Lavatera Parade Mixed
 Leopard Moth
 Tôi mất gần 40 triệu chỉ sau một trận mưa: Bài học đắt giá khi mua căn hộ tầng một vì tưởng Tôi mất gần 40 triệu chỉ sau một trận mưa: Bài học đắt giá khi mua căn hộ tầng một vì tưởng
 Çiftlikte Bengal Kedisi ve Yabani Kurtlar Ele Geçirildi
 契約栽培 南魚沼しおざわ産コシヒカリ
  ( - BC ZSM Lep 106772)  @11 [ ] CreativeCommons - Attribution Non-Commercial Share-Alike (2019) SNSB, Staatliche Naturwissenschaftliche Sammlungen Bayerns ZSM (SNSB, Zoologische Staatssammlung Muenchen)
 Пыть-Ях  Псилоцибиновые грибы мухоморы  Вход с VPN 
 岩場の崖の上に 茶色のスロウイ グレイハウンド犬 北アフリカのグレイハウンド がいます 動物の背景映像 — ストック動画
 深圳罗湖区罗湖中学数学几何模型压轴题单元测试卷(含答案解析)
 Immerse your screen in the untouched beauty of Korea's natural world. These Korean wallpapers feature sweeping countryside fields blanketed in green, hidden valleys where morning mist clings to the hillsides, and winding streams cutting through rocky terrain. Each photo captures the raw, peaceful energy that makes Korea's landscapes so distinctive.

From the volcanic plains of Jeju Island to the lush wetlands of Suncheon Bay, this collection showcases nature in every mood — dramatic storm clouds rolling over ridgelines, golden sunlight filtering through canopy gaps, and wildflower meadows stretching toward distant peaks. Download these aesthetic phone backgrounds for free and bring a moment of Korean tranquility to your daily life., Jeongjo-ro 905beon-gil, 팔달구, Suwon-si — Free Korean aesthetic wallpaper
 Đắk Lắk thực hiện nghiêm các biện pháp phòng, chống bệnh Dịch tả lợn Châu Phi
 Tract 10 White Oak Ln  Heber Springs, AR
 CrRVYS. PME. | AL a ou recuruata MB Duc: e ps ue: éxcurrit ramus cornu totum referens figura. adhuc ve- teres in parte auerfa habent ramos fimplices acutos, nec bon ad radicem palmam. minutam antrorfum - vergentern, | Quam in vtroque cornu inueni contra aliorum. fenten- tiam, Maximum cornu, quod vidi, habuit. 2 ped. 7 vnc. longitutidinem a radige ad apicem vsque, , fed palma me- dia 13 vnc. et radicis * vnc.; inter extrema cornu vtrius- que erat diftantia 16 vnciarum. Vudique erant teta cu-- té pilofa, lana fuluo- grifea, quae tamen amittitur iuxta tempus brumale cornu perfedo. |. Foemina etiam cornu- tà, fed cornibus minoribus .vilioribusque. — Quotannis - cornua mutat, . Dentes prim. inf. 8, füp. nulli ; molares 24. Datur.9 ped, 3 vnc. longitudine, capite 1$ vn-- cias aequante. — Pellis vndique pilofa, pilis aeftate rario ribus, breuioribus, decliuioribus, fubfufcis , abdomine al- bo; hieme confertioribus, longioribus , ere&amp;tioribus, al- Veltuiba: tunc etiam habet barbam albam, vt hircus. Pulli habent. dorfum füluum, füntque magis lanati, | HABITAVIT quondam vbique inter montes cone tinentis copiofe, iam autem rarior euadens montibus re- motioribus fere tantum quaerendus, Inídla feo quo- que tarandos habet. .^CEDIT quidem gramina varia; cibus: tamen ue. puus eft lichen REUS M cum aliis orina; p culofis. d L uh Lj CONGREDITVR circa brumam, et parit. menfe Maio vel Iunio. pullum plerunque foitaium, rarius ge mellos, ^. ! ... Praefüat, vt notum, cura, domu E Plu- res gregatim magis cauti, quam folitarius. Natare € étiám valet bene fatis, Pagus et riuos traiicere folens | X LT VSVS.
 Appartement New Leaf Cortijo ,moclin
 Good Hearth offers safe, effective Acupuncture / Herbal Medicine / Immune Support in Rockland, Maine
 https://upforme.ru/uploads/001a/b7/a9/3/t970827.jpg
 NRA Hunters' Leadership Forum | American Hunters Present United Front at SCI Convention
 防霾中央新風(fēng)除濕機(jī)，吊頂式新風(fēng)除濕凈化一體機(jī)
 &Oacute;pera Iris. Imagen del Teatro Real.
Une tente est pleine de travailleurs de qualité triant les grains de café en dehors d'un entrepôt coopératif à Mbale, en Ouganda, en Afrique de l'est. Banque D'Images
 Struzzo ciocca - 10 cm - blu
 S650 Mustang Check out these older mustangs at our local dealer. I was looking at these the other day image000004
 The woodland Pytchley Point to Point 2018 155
---+---
> [INSTRUCTIONS TO FOLLOW] Only the lines from the start of the data to the line holding "契約栽培 南魚沼しおざわ産コシヒカリ" are wanted; return them exactly, both ends included.

> [EXPECTED OUTPUT]
Lavatera Parade Mixed
 Leopard Moth
 Tôi mất gần 40 triệu chỉ sau một trận mưa: Bài học đắt giá khi mua căn hộ tầng một vì tưởng Tôi mất gần 40 triệu chỉ sau một trận mưa: Bài học đắt giá khi mua căn hộ tầng một vì tưởng
 Çiftlikte Bengal Kedisi ve Yabani Kurtlar Ele Geçirildi
 契約栽培 南魚沼しおざわ産コシヒカリ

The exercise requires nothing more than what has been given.